Top of Extracted data

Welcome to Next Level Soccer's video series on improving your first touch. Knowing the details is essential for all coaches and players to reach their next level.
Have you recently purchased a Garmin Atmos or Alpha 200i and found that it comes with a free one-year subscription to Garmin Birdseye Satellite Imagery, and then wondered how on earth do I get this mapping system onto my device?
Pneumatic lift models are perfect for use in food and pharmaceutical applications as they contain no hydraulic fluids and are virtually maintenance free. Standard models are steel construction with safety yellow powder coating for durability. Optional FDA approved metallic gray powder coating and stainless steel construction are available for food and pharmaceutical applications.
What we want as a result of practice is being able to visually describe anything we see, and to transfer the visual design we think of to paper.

Bottom of Extracted data
Top of Extracted data

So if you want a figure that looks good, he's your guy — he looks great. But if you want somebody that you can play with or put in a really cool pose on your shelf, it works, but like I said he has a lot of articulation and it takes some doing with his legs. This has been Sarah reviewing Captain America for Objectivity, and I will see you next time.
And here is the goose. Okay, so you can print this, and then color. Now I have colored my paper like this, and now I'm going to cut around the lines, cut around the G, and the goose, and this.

Bottom of Extracted data
Top of Extracted data

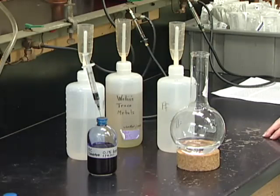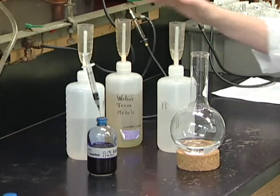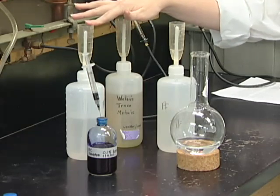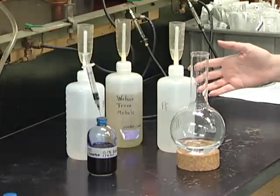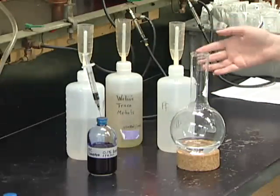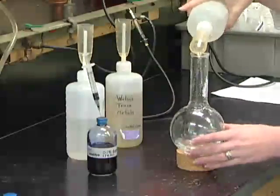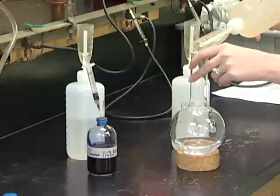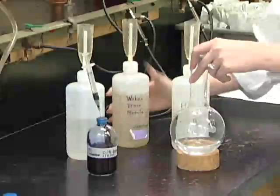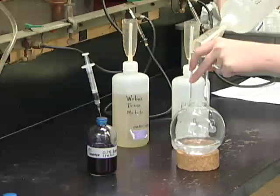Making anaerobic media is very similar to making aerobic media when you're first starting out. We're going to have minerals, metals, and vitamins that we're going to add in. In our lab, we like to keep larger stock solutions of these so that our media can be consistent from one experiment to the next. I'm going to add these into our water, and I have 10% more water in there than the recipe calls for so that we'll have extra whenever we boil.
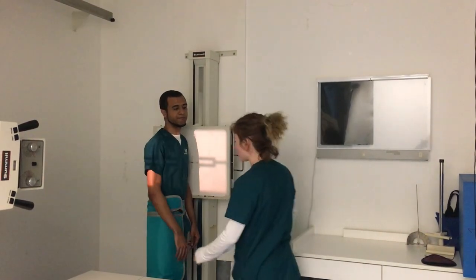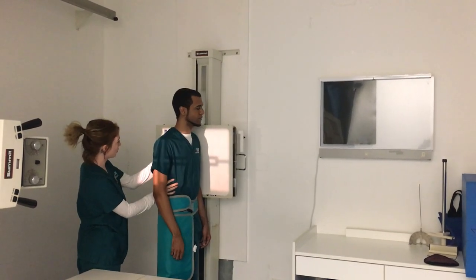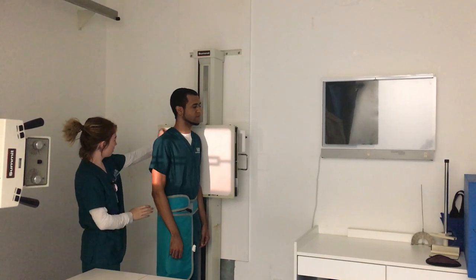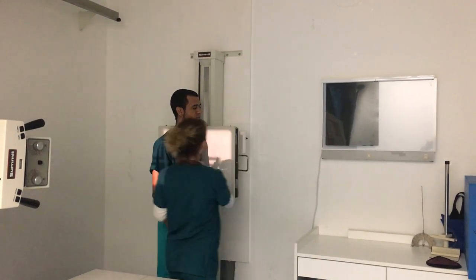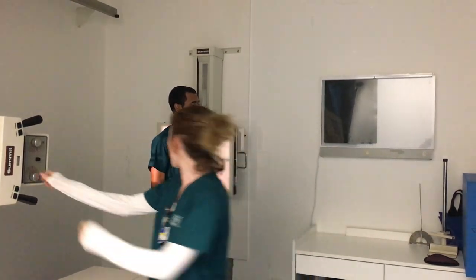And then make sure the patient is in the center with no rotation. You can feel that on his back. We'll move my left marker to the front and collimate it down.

Bottom of Extracted data

What to produce ->
Within the data above, the lines from the one with "Have you recently" to the one with "What we want" must be repeated exactly; no other line belongs in the answer.

Response to this task ->
Have you recently purchased a Garmin Atmos or Alpha 200i and found that it comes with a free one-year subscription to Garmin Birdseye Satellite Imagery, and then wondered how on earth do I get this mapping system onto my device?
Pneumatic lift models are perfect for use in food and pharmaceutical applications as they contain no hydraulic fluids and are virtually maintenance free. Standard models are steel construction with safety yellow powder coating for durability. Optional FDA approved metallic gray powder coating and stainless steel construction are available for food and pharmaceutical applications.
What we want as a result of practice is being able to visually describe anything we see, and to transfer the visual design we think of to paper.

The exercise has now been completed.